Duke of Brittany (jure uxoris)
- Reign: 30 April 1341 – 29 September 1364
- Predecessor: John III
- Successor: John IV
- Born: c. 1319 Blois (France)
- Died: 29 September 1364 (aged 44–45) Auray
- Burial: Guingamp, Brittany
- Spouse: Joan, Duchess of Brittany
- Issue: John I, Count of Penthièvre Marie, Duchess of Anjou Margaret, Countess of Angoulême
- House: House of Blois-Châtillon
- Father: Guy I, Count of Blois
- Mother: Margaret of Valois
- Wars and battles: War of the Breton Succession Battle of Morlaix; Battle of La Roche-Derrien; Battle of Auray; ;

= Charles of Blois-Châtillon =

Duke of Brittany from 1341 to 1364; Catholic saint

Charles of Blois-Châtillon (1319 – 29 September 1364), nicknamed "the Saint", was Duke of Brittany from 1341 until his death. He claimed the duchy by right of his wife, Joan, Duchess of Brittany, holding the title against the claims of John of Montfort. The cause of his possible canonization was the subject of a good deal of political maneuvering on the part of his cousin, Charles V of France, who endorsed it, and his rival, John of Montfort, who opposed it. The cause fell dormant after Pope Gregory XI left Avignon in 1376, but was revived in 1894. Charles of Blois was beatified in 1904.

==Biography==
Charles was born in Blois, the son of Guy de Châtillon, count of Blois, by Margaret of Valois, a sister of King Philip VI of France. A devout ascetic from an early age, he showed interest in religious books but was forbidden from reading them by his father, as they did not seem appropriate to his position as a knight. As he grew older, Charles took piety to the extreme of mortifying his own flesh. It is said that he placed pebbles in his shoes, slept on straw instead of a bed, confessed every night in fear of sleeping in a state of sin, and wore a cilice (hairshirt) under his armor in battle.
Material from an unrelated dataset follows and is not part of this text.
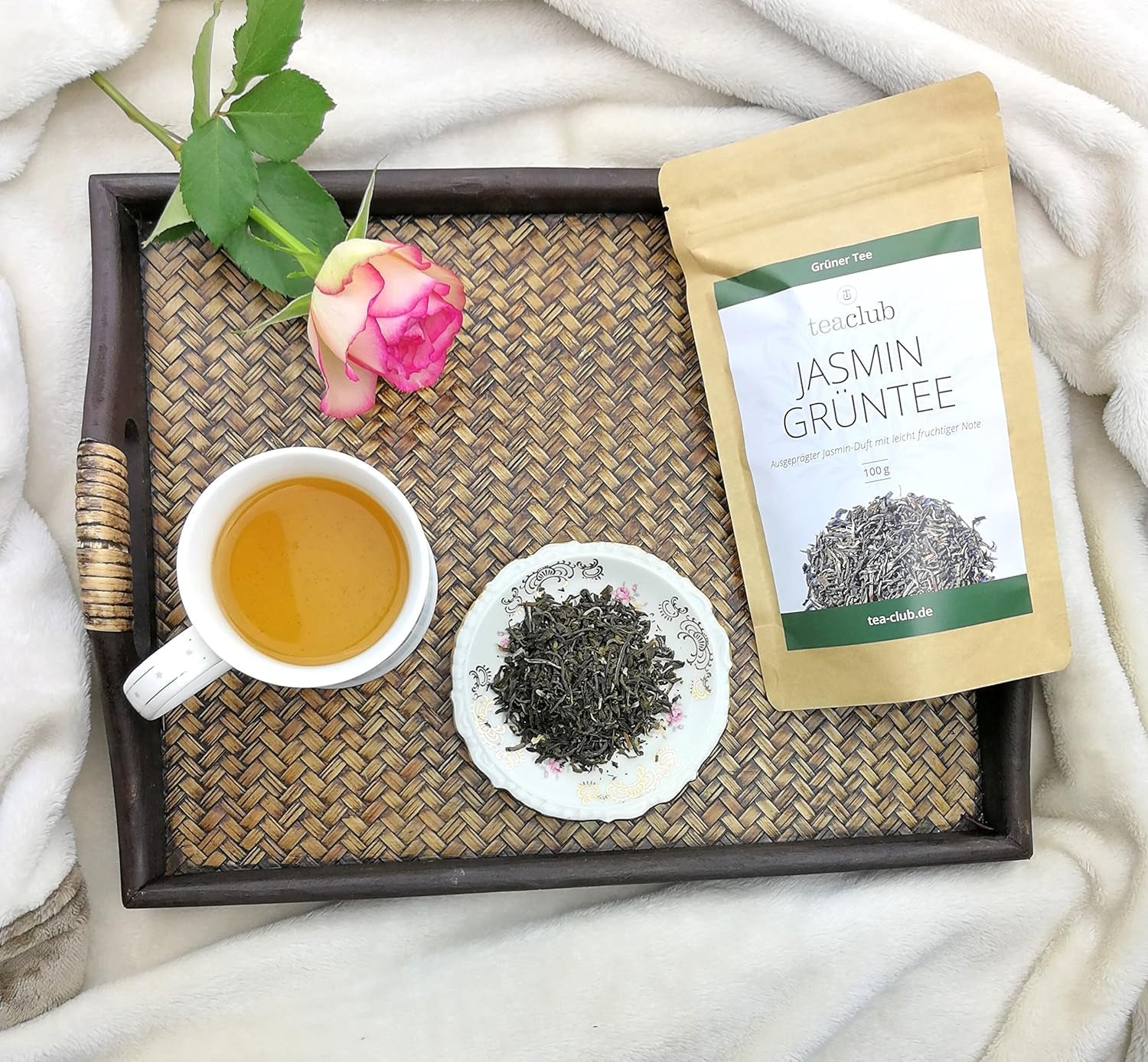Herbata jaśminowa sypka 100g, Herbata zielona z kwiatem jaśminu o naturalnym smaku, Herbata zielona jaśminowa z wyraźnym aromatem jaśminu, Herbata zielona Teaclub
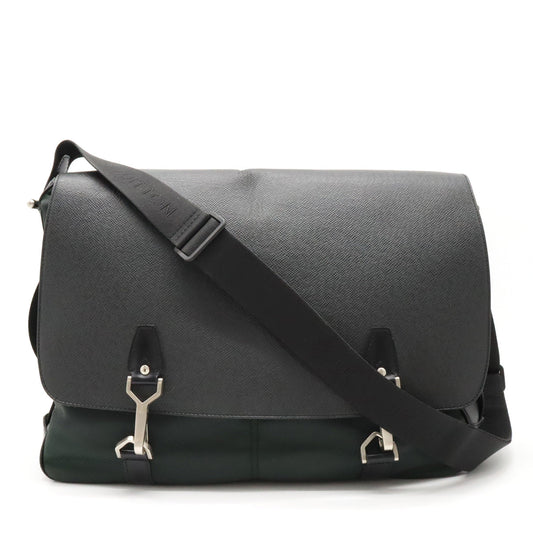 Louis Vuitton Louis Vuitton Tyga Delso Messenger Bag Black M30162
He was nevertheless an accomplished military leader, who inspired loyalty by his religious fervour.

===Marriage===
On 4 June 1337 in Paris, he married Joan the Lame, heiress and niece of John III, Duke of Brittany.

===Breton War of Succession===
Together, Charles and his wife, Joan of Penthièvre, fought the House of Montfort in the Breton War of Succession (1341–1364), with the support of the crown of France. Despite his piety, Charles did not hesitate in ordering the massacre of 1,400 civilians after the siege of Quimper as well as the massacre of thousands after the siege of Guerande. After initial successes, Charles was taken prisoner by the English in 1347. His official captor was Thomas Dagworth.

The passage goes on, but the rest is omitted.